**WHAT THE EXERCISE ASKS:** Please give the whole listing again exactly, without any of its pictures.

**RECORDS SUPPLIED:**

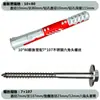 Parafusos de expansão Fischer alemães, aço inoxidável, para tijolos ocos, tijolos de espuma, paredes, armários de metal, nylon Metabo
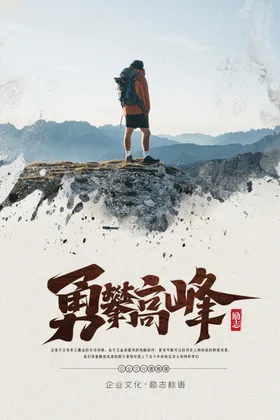 企业文化墙风采标语背景
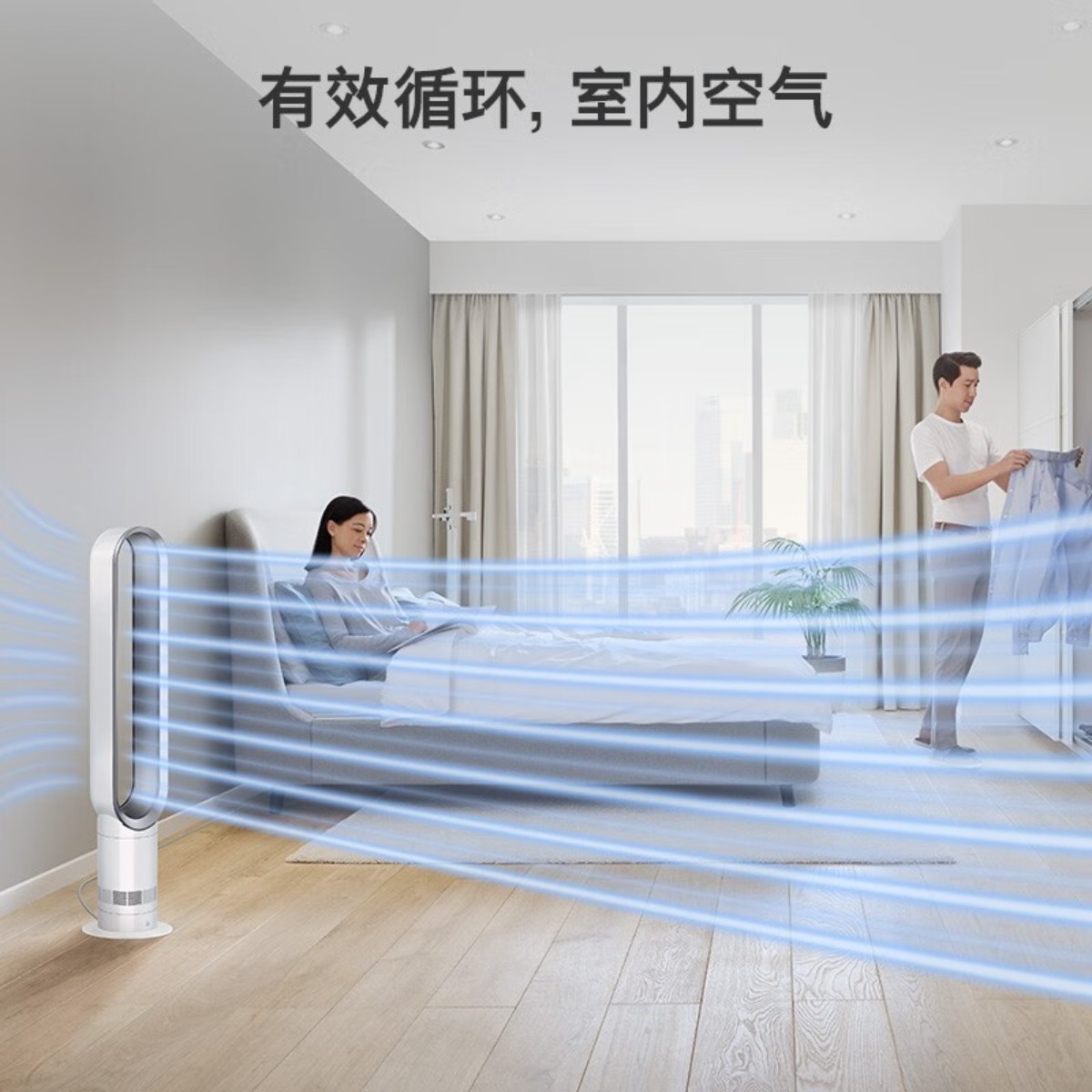 戴森(DYSON)风扇AM07黑色高清大图
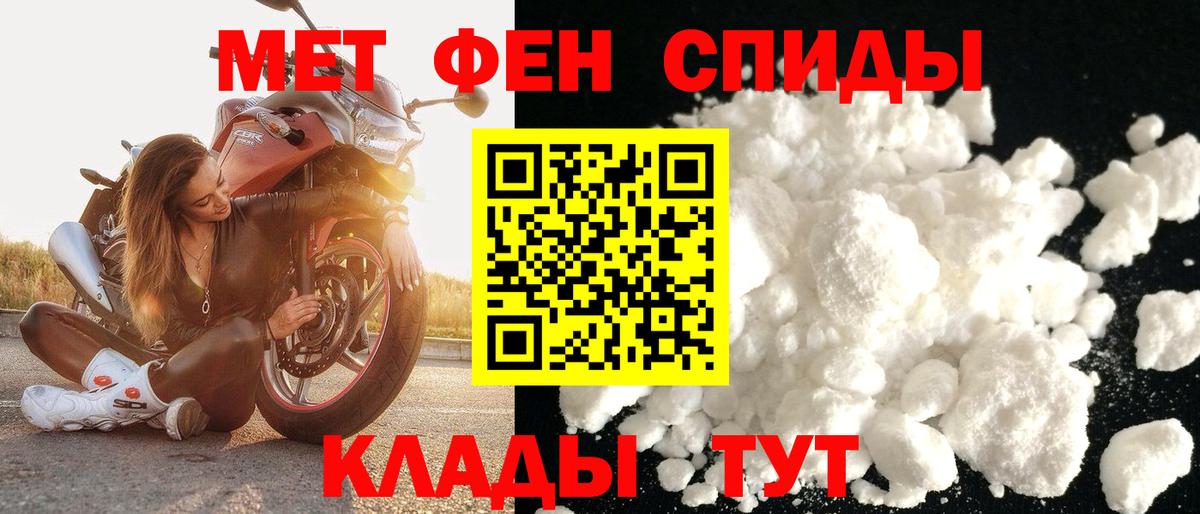 АМФЕТАМИН  АМФ 98%  Вход с VPN  Армавир 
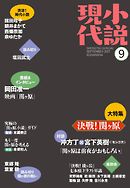 小説現代　２０１７年　９月号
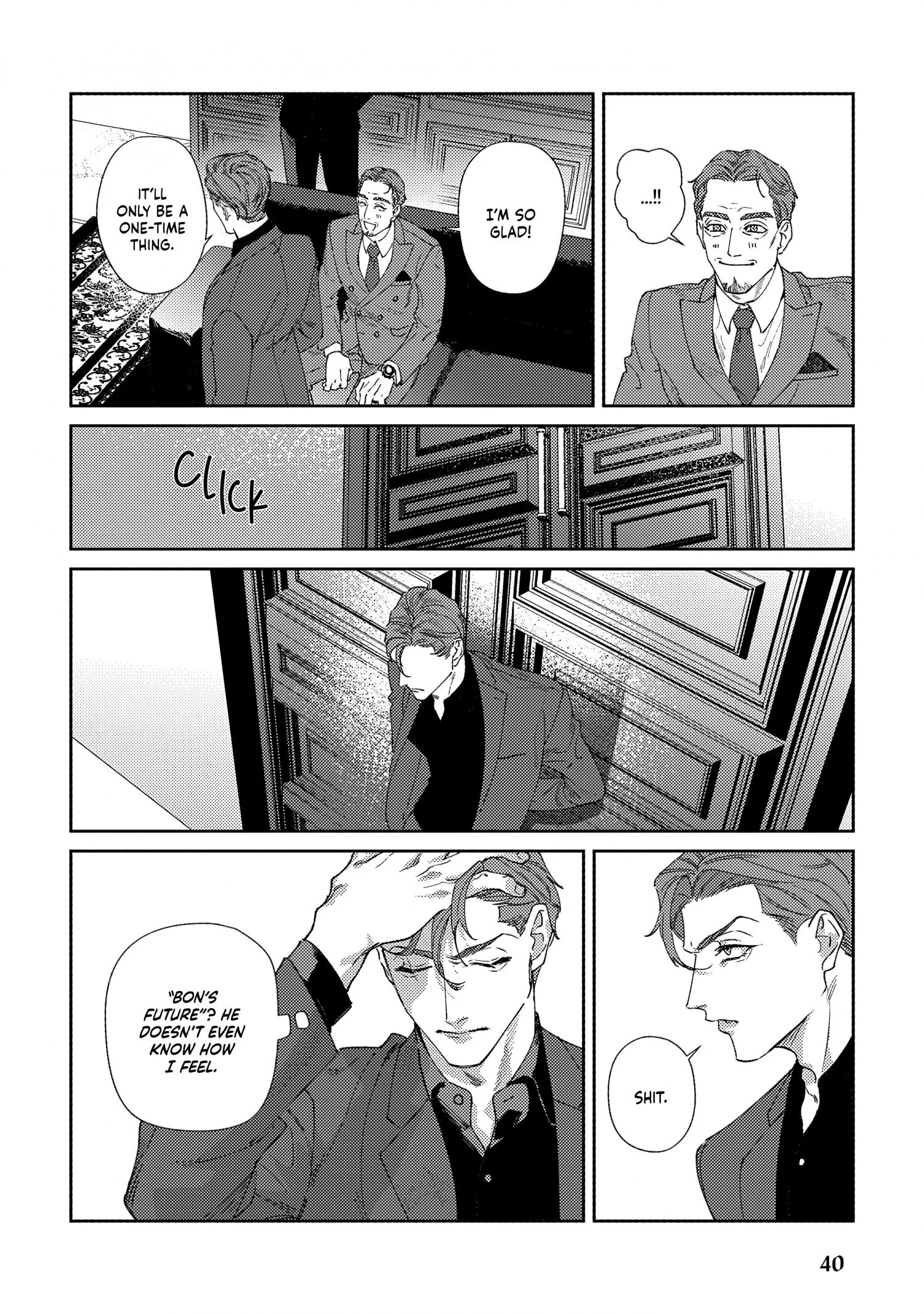 Haruki kun chi no koi jihen - Chapter 2 Page 12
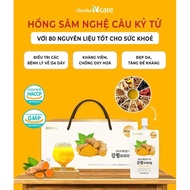 Chunho Red Ginseng Essence and Turmeric Essence - Box of 30 Packs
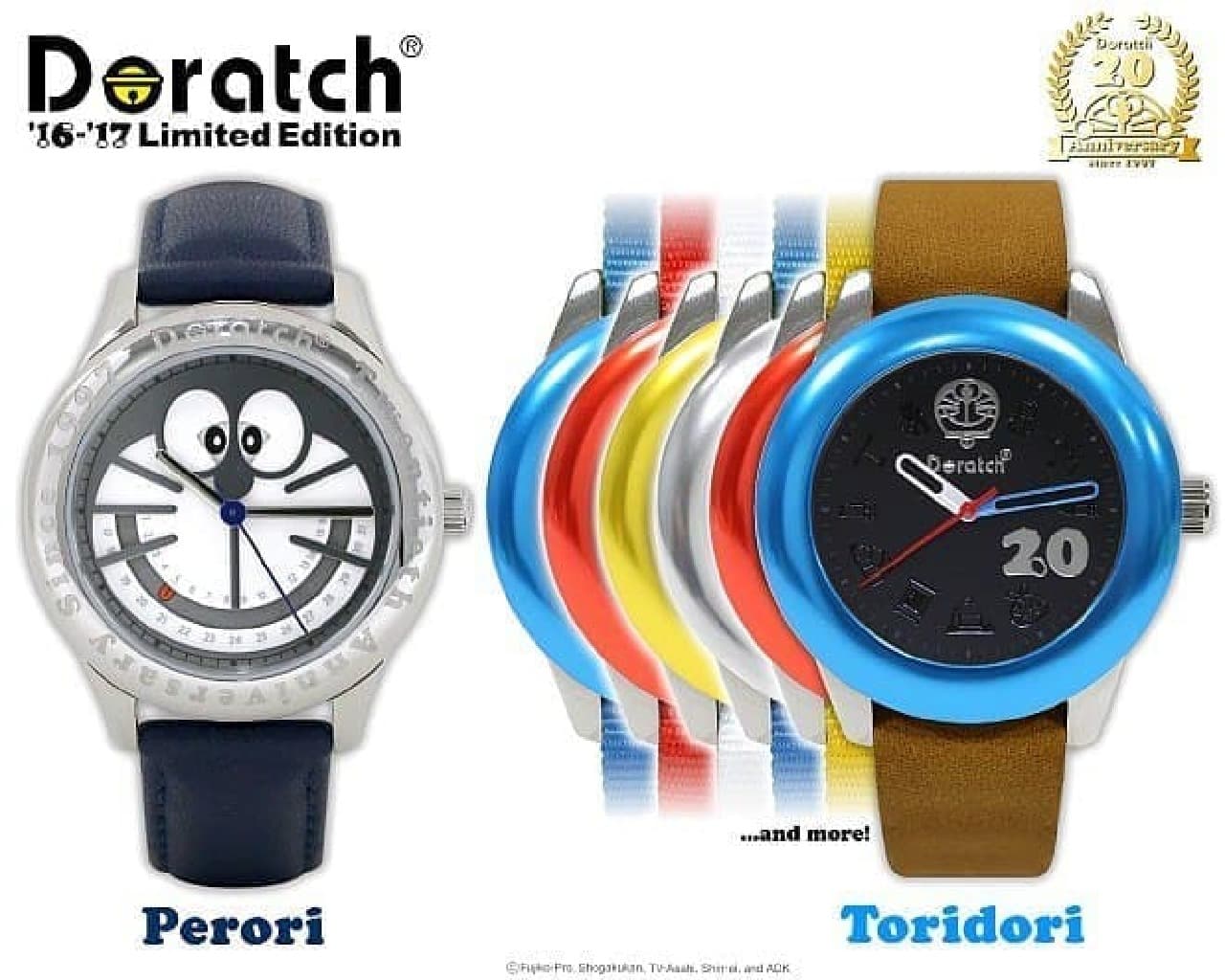 ドラえもんが舌をペロリ♪--腕時計「ドラッチ」から新モデル2種が登場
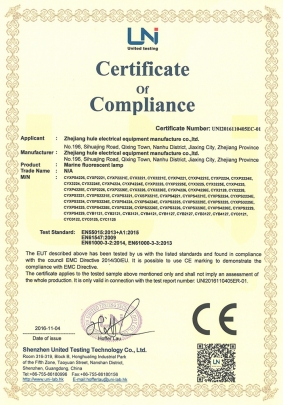 舱顶灯EMC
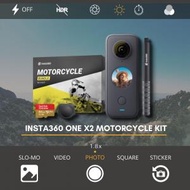 Insta360 - One X2 Motorcycle Kit（機車套裝）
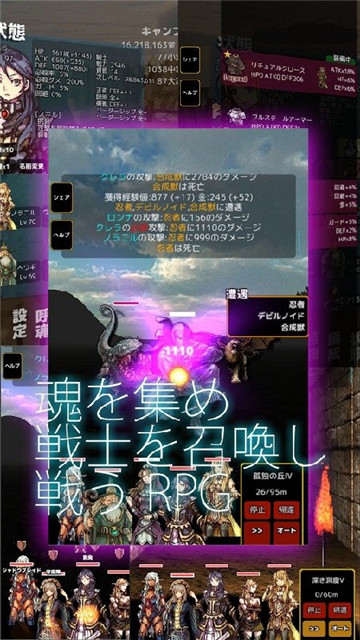 灵魂战士(1)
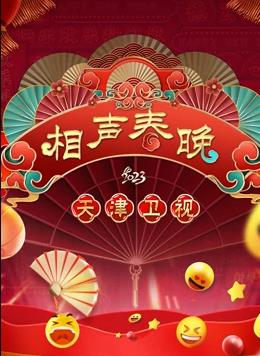 电影:2023天津春晚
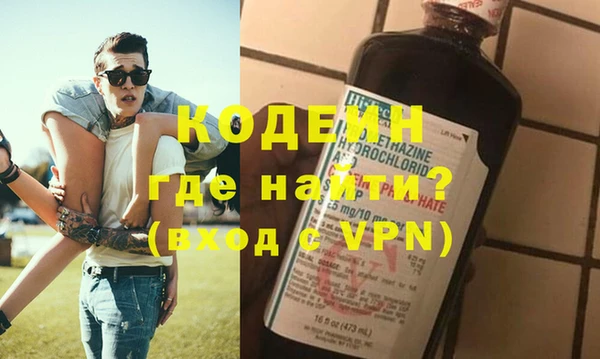 кокаин премиум Михайловск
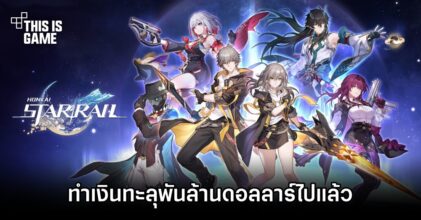 รายงานเผย 'Honkai: Star Rail ทำเงินทะลุพันล้านดอลลาร์ไปแล้ว'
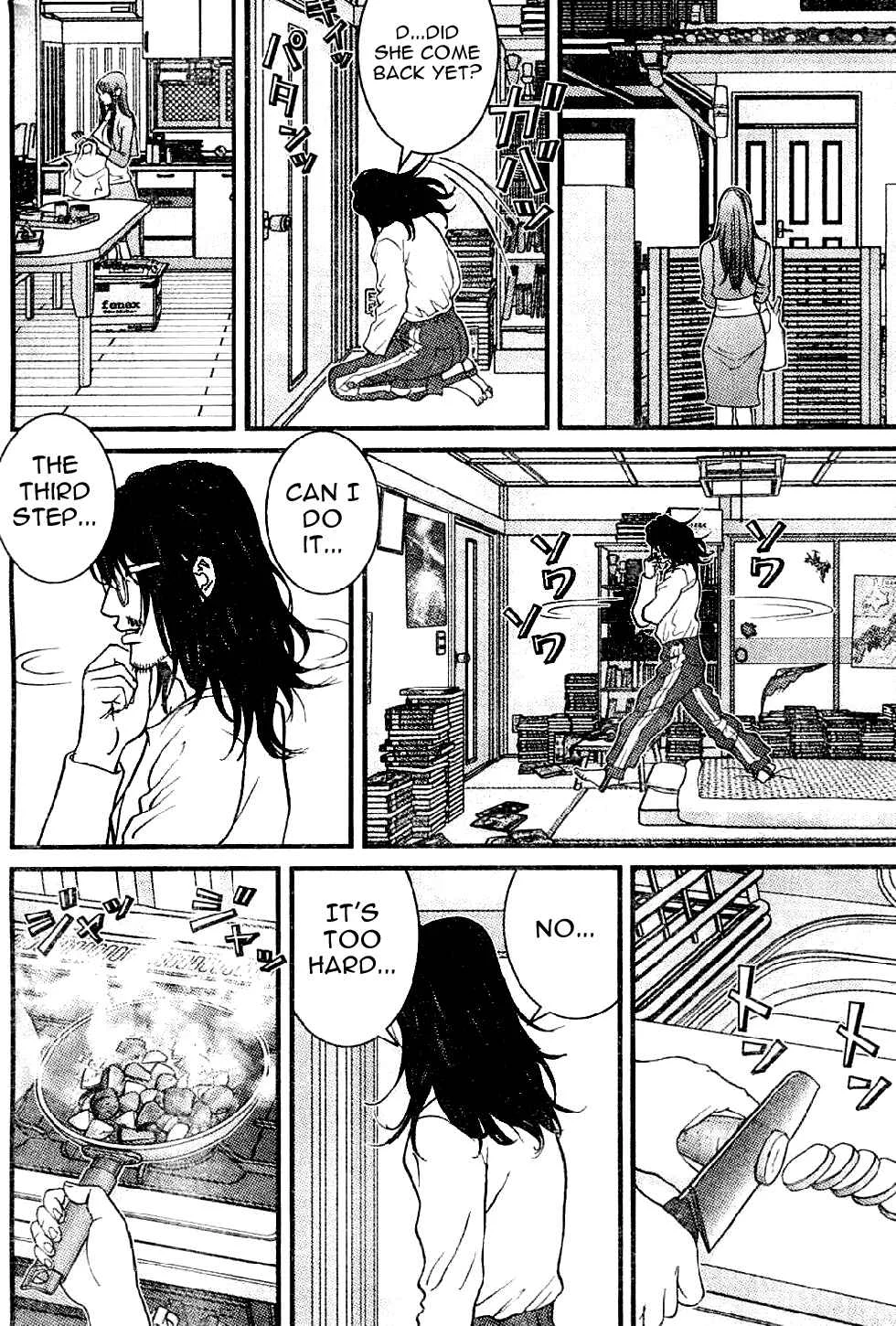 Me~teru no Kimochi Chapter 3 - Page 10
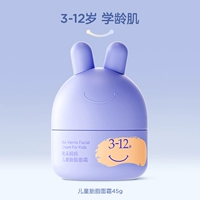 Детский крем, 3-12 лет, 45г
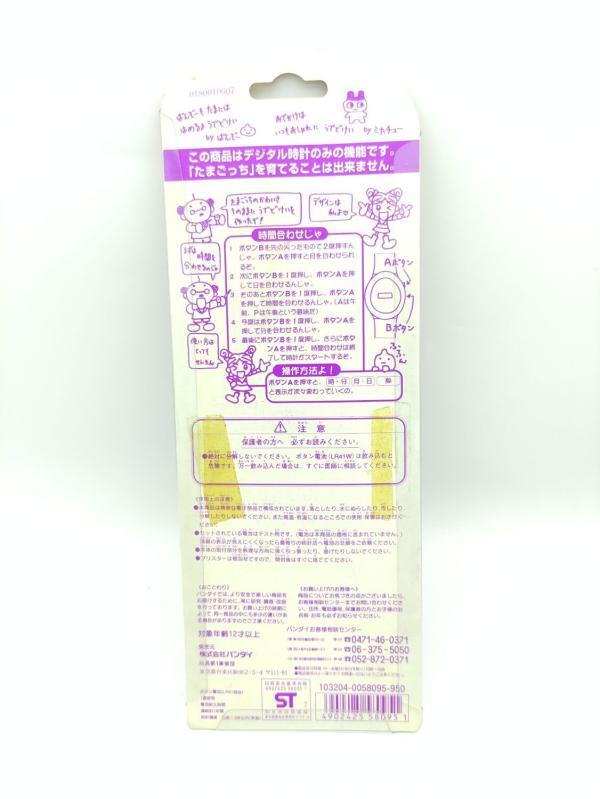 Tamagotchi Bandai Watch red Buy-Tamagotchis 3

**WRITTEN ANSWER:**
 Parafusos de expansão Fischer alemães, aço inoxidável, para tijolos ocos, tijolos de espuma, paredes, armários de metal, nylon Metabo
 企业文化墙风采标语背景
 戴森(DYSON)风扇AM07黑色高清大图
 АМФЕТАМИН  АМФ 98%  Вход с VPN  Армавир 
 小説現代　２０１７年　９月号
 Haruki kun chi no koi jihen - Chapter 2 Page 12
 Chunho Red Ginseng Essence and Turmeric Essence - Box of 30 Packs
 ドラえもんが舌をペロリ♪--腕時計「ドラッチ」から新モデル2種が登場
 舱顶灯EMC
 Insta360 - One X2 Motorcycle Kit（機車套裝）
 灵魂战士(1)
 电影:2023天津春晚
 кокаин премиум Михайловск
 รายงานเผย 'Honkai: Star Rail ทำเงินทะลุพันล้านดอลลาร์ไปแล้ว'
 Me~teru no Kimochi Chapter 3 - Page 10
 Детский крем, 3-12 лет, 45г
 Tamagotchi Bandai Watch red Buy-Tamagotchis 3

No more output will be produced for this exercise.